I avoid windows at all cost.

------
subie
My Home build: I run Win10 for casual things and Ubuntu 17.10 for developing.

[https://pcpartpicker.com/b/Rdq48d](https://pcpartpicker.com/b/Rdq48d)

------
mabynogy
screenfetch -n

    
    
       OS: Debian 9.3 stretch
       Kernel: x86_64 Linux 4.9.0-4-amd64
       Uptime: 5h 25m
       Packages: 3237
       Shell: bash -init-file rc.txt
       Resolution: 1024x768
       DE: Gnome
       WM: GNOME Shell
       WM Theme: Adwaita
       Adwaita [GTK2]
       , Adwaita [GTK3]
       Icon Theme: Adwaita
       Font: Cantarell 11
       CPU: Intel Core i3 CPU 540 @ 3.059GHz
       GPU: Mesa DRI Intel(R) Ironlake Desktop
       RAM: 1716MiB / 3695MiB

------
grover_hartmann
Desktop: Dual-Core E5500, 2GB RAM (upgrading to 8GB soon).

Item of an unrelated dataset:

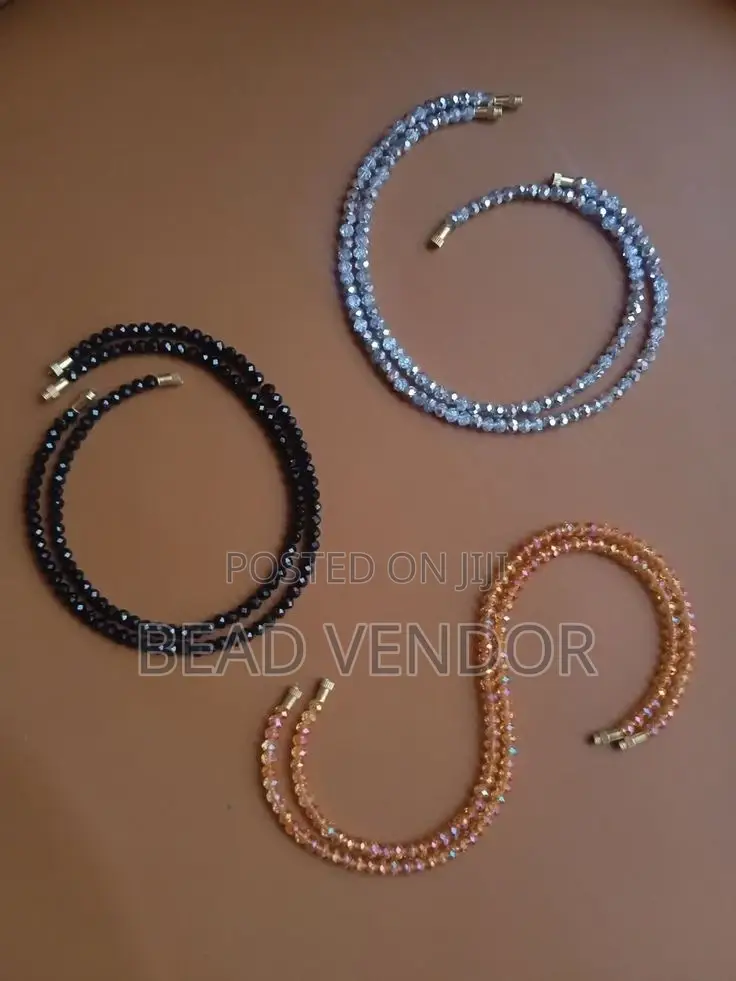 Beaded Anklets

Laptop: ThinkPad T450, i5 broadwell CPU, 8GB RAM, 256 SSD.

I run Arch Linux with i3wm on both computers.

------
j-pb
The full stack is

* Microsoft Universal Foldable Keyboard

* iPhoneX

* Blink

* Mosh

* tmux

* scaleway small baremetal instance

Works like a charm. And at iphone resolution even 8pt are nicely readable.

------
marssaxman
Thinkpad W520 with 10GB RAM/128GB SSD running Ubuntu 16.04.

------
ohmichel
MacBook Air for casual things, MacBook Pro 2017 for developing

------
matchmike1313
Apple Macbook Pro 2016 13" with Sierra. Base model.

------
chrisbennet
Dell xps15 (9560) running Windows 10.